Selasa, 29 Desember 2009

Poligami = Tidak Setia

Ada banyak jawaban untuk pertanyaan diatas. Kaum perempuan biasanya menjawab “YA”, sedangkan laki-laki menjawab “TIDAK”. Terlihat bahwa mereka menjawab menurut kecenderungan perasaan serta kepentingan masing-masing.

Setelah saya mengkaji & menelaah beberapa referensi (baik buku maupun keadaan riil); jawaban “TIDAK” adalah dasar sebenarnya. Jika mempunyai istri kedua merupakan ketidaksetiaan suami terhadap istri pertama, tentulah Islam tidak membolehkan poligami. Islam tidak mensyariatkan hal-hal yang melanggar norma-norma kemanusiaan dan akhlak mulia. Padahal setia (al-Wala') merupakan sikap dan akhlak mulia dalam Islam.

Dalam sejarah hidupnya, junjungan kita Rasulullah saw pun berpoligami. Apakah dengan begitu kita menafikan kesetiaan Baginda Nabi padahal dari dirinyalah segala etika dan akhlak dibangun dan menjadi panutan kita? Begitu juga yang dilakukan para sahabat dan tabi’in dalam hal poligami. Apakah kita lantas akan menuduh mereka tidak setia sementara mereka adalah orang-orang terbaik sepanjang abad?

Benar bahwa Ali Bin Abi Thalib kw ketika berniat menikah lagi, maka Rasulullah melarangnya. Namun ini sebenarnya kurang tepat dijadikan argumentasi. Siapapun yang membaca sejarah serta mencermati sebab musabab dibelakang kejadian ini, pasti mengetahui bahwa hal ini tidak ada hubungannya dengan kesetiaan serta poligami.
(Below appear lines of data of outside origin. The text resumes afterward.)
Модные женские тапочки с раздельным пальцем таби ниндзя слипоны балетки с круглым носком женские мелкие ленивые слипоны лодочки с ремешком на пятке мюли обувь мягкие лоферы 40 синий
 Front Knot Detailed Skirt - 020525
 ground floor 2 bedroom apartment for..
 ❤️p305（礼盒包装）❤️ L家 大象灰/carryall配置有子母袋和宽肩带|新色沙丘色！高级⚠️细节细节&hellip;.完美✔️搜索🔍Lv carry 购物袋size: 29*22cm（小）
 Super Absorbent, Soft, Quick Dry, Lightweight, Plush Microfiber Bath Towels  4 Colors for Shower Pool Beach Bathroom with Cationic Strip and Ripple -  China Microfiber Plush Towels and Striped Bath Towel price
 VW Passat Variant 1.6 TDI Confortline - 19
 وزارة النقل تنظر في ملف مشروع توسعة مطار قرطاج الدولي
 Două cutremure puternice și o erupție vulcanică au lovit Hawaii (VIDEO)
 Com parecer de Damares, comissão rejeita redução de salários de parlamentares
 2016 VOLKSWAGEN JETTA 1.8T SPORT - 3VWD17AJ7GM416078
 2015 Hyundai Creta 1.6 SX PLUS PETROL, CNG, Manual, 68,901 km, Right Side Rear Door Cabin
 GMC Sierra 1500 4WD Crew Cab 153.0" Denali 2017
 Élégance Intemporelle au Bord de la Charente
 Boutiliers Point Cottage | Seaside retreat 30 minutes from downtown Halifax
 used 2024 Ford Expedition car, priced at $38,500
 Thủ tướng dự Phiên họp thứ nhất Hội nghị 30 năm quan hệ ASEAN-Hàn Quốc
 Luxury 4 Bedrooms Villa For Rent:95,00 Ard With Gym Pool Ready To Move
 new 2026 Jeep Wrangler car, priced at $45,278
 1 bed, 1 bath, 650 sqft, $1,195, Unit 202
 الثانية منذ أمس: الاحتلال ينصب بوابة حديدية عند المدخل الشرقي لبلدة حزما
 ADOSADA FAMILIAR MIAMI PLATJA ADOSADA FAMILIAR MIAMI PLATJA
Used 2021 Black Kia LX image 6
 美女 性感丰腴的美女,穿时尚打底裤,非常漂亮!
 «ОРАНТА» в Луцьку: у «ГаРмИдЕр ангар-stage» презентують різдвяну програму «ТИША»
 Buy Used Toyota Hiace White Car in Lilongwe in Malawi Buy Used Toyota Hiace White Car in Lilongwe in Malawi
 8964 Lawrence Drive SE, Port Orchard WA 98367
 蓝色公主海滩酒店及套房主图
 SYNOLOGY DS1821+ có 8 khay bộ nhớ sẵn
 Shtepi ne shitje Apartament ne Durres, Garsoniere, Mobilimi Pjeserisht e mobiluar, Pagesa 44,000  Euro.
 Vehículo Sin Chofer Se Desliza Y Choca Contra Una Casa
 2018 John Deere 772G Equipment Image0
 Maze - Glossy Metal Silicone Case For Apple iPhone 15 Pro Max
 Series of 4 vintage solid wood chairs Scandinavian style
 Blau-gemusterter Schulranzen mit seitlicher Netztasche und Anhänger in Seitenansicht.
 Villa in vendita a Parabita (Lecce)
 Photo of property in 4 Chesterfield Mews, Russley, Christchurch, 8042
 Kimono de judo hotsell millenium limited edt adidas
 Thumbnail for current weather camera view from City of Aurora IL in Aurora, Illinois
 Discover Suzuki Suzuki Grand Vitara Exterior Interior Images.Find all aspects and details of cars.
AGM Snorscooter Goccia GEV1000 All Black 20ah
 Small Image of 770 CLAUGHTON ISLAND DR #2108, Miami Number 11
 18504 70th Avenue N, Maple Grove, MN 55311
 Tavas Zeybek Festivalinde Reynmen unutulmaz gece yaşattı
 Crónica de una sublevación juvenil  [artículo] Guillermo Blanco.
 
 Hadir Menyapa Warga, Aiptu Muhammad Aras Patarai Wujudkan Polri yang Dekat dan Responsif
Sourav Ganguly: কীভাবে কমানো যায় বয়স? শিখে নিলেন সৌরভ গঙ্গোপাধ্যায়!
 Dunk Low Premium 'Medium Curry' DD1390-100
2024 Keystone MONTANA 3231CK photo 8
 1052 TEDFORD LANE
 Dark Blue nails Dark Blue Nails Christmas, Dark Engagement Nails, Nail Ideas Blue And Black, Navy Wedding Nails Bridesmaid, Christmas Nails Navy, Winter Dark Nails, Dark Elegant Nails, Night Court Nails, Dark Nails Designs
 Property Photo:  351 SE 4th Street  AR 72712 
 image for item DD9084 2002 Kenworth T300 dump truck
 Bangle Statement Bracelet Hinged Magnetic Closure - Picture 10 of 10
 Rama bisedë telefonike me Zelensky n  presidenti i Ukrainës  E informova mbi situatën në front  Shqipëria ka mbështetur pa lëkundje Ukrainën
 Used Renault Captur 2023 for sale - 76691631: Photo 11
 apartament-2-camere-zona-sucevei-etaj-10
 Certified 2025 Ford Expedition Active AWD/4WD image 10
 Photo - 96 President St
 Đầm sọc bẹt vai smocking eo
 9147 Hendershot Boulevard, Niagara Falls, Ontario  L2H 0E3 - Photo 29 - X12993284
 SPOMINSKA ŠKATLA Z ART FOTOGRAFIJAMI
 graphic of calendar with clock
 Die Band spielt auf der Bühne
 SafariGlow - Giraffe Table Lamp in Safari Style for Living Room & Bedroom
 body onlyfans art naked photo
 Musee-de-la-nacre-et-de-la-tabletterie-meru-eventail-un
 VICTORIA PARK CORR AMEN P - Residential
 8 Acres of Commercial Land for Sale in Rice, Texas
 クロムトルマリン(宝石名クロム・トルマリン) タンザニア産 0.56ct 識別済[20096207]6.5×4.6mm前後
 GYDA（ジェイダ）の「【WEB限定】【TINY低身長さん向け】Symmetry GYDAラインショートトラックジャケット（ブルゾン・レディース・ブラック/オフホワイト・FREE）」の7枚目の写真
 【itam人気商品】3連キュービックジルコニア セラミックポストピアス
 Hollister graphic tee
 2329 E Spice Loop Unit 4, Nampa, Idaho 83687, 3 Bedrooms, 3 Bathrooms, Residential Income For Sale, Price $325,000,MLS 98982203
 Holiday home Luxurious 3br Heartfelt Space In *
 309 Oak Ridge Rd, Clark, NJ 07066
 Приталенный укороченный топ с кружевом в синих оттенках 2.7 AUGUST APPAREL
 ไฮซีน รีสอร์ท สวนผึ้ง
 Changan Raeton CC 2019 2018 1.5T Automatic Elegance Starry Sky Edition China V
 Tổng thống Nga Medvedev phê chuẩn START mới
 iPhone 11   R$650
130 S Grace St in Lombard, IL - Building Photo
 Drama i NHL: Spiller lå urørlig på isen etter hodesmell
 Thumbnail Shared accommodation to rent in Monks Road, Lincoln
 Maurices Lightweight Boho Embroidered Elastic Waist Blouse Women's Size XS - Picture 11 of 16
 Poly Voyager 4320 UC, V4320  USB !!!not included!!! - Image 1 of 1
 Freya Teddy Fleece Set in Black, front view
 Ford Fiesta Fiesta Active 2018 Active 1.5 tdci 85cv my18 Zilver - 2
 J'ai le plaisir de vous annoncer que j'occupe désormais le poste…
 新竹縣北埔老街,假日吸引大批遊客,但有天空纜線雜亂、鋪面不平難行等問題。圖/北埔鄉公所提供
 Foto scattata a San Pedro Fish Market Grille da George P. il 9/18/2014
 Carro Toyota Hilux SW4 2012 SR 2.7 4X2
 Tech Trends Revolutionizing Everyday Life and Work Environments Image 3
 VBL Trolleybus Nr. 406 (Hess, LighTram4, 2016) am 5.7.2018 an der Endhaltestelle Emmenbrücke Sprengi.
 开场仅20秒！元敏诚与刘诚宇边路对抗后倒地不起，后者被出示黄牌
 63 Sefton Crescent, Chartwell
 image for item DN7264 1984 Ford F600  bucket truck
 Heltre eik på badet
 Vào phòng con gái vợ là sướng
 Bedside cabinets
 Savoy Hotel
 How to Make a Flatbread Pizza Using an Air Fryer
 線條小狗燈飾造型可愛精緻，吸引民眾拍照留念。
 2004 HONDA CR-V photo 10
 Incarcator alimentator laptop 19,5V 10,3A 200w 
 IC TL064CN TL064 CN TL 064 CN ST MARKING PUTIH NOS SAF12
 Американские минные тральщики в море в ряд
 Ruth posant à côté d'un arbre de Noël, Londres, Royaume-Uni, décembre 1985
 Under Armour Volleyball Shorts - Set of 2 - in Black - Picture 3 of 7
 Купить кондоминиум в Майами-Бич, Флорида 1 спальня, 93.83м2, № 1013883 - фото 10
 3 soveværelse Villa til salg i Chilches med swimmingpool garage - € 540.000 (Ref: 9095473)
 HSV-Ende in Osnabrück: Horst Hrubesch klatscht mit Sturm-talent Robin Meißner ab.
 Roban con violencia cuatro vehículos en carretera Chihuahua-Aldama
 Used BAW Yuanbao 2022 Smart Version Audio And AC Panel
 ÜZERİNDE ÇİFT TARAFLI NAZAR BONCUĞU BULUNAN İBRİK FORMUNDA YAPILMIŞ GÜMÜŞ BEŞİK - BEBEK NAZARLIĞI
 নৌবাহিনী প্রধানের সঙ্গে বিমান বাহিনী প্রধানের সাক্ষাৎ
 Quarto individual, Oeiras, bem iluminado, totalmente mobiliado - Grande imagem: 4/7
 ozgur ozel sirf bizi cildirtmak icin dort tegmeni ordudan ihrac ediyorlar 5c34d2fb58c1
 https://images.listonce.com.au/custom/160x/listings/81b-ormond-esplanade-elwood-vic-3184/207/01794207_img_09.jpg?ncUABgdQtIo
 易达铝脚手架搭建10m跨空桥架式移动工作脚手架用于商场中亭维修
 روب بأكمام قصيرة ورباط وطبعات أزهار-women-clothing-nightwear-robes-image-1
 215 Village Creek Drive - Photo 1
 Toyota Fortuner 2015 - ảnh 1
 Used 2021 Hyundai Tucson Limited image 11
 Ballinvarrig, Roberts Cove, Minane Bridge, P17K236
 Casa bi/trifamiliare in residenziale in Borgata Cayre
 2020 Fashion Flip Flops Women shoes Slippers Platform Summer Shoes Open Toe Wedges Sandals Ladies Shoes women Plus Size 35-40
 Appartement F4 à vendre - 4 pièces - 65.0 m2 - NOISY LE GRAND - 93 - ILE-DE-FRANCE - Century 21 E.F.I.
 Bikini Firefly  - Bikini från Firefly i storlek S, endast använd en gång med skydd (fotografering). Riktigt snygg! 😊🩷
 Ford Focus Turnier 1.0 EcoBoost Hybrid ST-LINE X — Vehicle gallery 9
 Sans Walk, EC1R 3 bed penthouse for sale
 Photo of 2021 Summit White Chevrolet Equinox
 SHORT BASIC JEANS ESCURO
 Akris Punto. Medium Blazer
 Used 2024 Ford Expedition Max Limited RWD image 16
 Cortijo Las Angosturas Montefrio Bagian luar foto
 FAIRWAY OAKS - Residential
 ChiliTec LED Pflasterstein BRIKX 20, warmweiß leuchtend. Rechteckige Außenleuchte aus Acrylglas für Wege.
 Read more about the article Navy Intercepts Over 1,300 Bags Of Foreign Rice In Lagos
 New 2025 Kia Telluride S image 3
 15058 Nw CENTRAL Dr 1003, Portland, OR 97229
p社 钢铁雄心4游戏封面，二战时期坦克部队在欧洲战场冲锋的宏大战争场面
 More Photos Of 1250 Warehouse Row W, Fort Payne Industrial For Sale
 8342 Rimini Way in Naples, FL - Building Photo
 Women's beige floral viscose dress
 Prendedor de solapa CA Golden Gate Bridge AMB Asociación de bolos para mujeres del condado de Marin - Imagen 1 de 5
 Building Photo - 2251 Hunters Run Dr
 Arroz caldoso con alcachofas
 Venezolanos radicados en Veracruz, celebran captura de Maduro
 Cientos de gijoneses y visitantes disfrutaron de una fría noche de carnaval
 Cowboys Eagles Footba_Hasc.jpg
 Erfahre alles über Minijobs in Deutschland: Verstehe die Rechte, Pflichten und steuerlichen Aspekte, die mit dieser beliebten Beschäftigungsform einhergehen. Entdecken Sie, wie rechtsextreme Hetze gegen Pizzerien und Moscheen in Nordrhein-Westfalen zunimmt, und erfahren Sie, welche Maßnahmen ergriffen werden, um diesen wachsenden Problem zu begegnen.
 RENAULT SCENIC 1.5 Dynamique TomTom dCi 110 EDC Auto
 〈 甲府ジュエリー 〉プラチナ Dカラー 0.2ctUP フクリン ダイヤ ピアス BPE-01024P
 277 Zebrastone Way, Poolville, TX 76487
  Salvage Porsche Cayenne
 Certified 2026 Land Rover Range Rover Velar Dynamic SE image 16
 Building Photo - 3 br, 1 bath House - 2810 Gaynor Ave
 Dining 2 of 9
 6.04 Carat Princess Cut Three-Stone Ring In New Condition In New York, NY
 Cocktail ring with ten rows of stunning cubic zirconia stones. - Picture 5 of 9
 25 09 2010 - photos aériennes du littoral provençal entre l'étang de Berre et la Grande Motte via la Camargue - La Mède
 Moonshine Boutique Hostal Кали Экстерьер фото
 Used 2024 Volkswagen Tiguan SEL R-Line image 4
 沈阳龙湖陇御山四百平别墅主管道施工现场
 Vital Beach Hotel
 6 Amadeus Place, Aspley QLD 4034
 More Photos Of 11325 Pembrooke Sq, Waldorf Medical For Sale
Rasulullah melarang Ali karena saat itu Ali hendak menikahi anak Abu Jahal. Sabda Rasulullah; “Janganlah engkau satukan putri Rasulullah dengan anak perempuan musuh Allah dalam satu rumah”.

Ada dua pertimbangan penting yang membuat larangan itu muncul, yaitu:
1.Pernikahan ini sebenarnya merupakan tipu muslihat untuk merusak rumah tangga Ali dan Fathimah dengan anak perempuannya Abu Jahal.

2.Diriwayatkan pula bahwa dibalik rencana pernikahan ini terdapat rekayasa yang telah diatur sedemikian rupa oleh sekumpulan wanita untuk menjebak Ali kw.

Jadi, pada dasarnya hal diatas tidak ada kaitannya dengan kesetiaan, melainkan perhitungan serta pertimbangan antara kebaikan dan keburukannya.

Bahkan yang mengejutkan, ternyata salah satu wasiat Fathimah sebelum meninggal kepada suaminya Ali, adalah agar menikahi Umamah ra, putri saudara perempuannya Zainab ra. Ali pun menikahinya tujuh hari setelah meninggalnya Fathimah.

Jawaban “YA” pun bisa jadi benar. Yaitu manakala suami harta pribadi istri atau tempat tinggalnya, sementara istri pertama telah memiliki andil dalam dalam pengadaan tempat tinggal tersebut dan ikut serta mengisinya dengan perabot-perabot rumah tangga dengan hartanya. Akan tetapi bila istri pertama ridha kepada istri kedua untuk tinggal bersamanya itu dibolehkan dan tidak menjadi masalah dalam Islam.

Termasuk sikap tidak setia adalah jika suami pernah berjanji tidak akan menikah lagi namun kemudian ternyata ingkar. Atau seorang perempuan muslimah mengajukan syarat kepada calon suaminya ketika mengkhitbahnya agar tidak dimadu, namun boleh menikah lagi ketika si istrinya sudah meninggal dunia. Hal ini dibolehkan dalam Islam. Dan tentunya, si calon suami harus setia (dalam menepati janji) kepada istrinya tentang hal ini.

Saya sangat kagum dengan Abuya Ashaari Muhammad At-Tamimi dari Malaysia, beliau memiliki istri empat dengan anak sebanyak 34 orang serta cucu sekitar 200-an anak. Kehidupan rumah tangga beliau rukun-rukun saja satu sama lainnya dan saling dukung-mendukung dalam “ta'aawanu 'alal birri wat taqwa”. Beliau & keluarganya; sepantasnya-lah menjadi suri tauladan dalam hal Poligami di zaman ini.